Let \(\varphi : G\times G \rightarrow \mathbb {C}\) be a compact Schur multiplier. Then the function \(\psi : G\times G \rightarrow \mathbb {C}\), given by \(\psi (s,t) = \varphi (t,s^{-1}t)\), is a completely compact Herz Schur \((\mathcal {C},G,\alpha )\)-multiplier.

Proof

By [19], there exists an element \(u = \sum _{i=1}^\infty a_i\otimes b_i \in c_0(G)\otimes _{\mathrm{h}} c_0(G)\) such that \(\varphi (p,q) = \sum _{i=1}^\infty a_i(p) b_i(q)\), \(p,q\in G\). By the injectivity of the Haagerup tensor product [10, Proposition 9.2.5], \(u\in \mathcal {K}\otimes _{\mathrm{h}}\mathcal {K}\). Note that

$$\begin{aligned} \Gamma _{u_s}(M_a)(t) = \sum _{i=1}^\infty a_i(t) b_i(s^{-1}t)a(t), \ \ \ a\in c_0(G), t\in G; \end{aligned}$$

in other words, \(\Gamma _{u_s}(M_a) = M_{h_s a}\), where \(h_s(t) = \varphi (t,s^{-1}t)\), \(t\in G\). The conclusion follows from Theorem 5.3. \(\square \)

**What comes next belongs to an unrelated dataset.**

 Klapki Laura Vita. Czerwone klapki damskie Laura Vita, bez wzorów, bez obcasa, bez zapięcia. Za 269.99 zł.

6 Some Remarks and Open Questions

In Corollary 3.11, we showed that the amenability of a discrete group G is a sufficient condition for automatic complete compactness: every compact multiplier is in this case completely compact. For such automatic complete compactness it suffices, instead of amenability, to assume that the completely bounded multiplier norm is equivalent to the multiplier norm. By a result of Losert [23], there exist non-amenable groups such that \(M^{\mathrm{cb}}A(G) = MA(G)\), for instance \(SL(2,{\mathbb {R}})\). However we do not know whether there exists a discrete group with this property.

In Proposition 3.12, we exhibited an example of a multiplier \(u\in MA(G)\), for which the map \(S_u\) is compact but not completely compact. This multiplier however may not be completely bounded, as we only guarantee the boundedness of \(S_u\) if \(u\in MA(G)\). We do not know if there exists a completely bounded compact multiplier which is not completely compact.

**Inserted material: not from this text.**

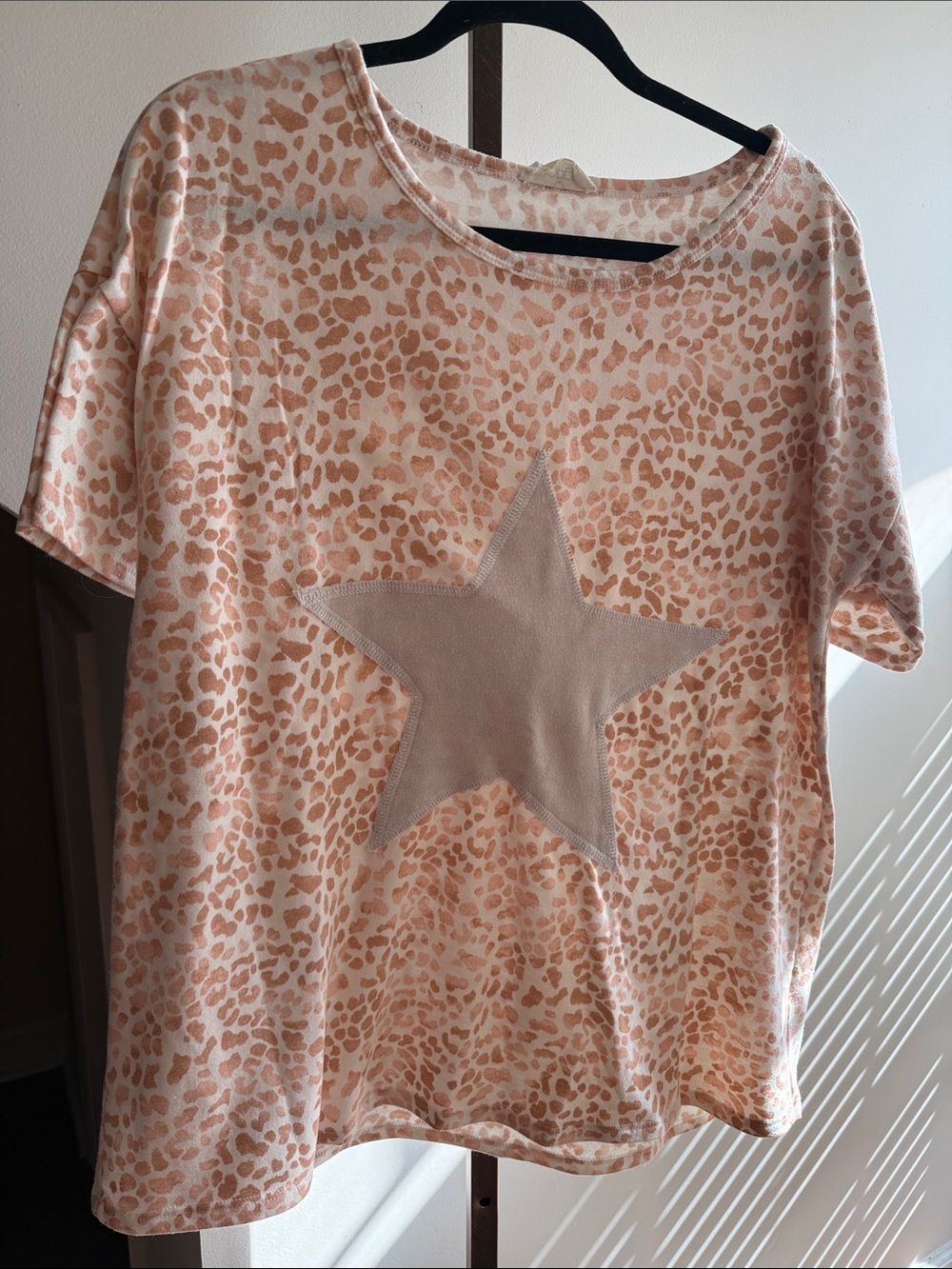 Star Applique Pink Leopard-Print Short Sleeve Tee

Finally, in Corollary 3.9, we showed that if G is a discrete group possessing property (AP) then every completely compact multiplier on G is the limit, in the completely bounded norm, of finitely supported multipliers. It would be interesting to know if (AP) is in fact equivalent to the latter approximation property; we do not know if this holds true.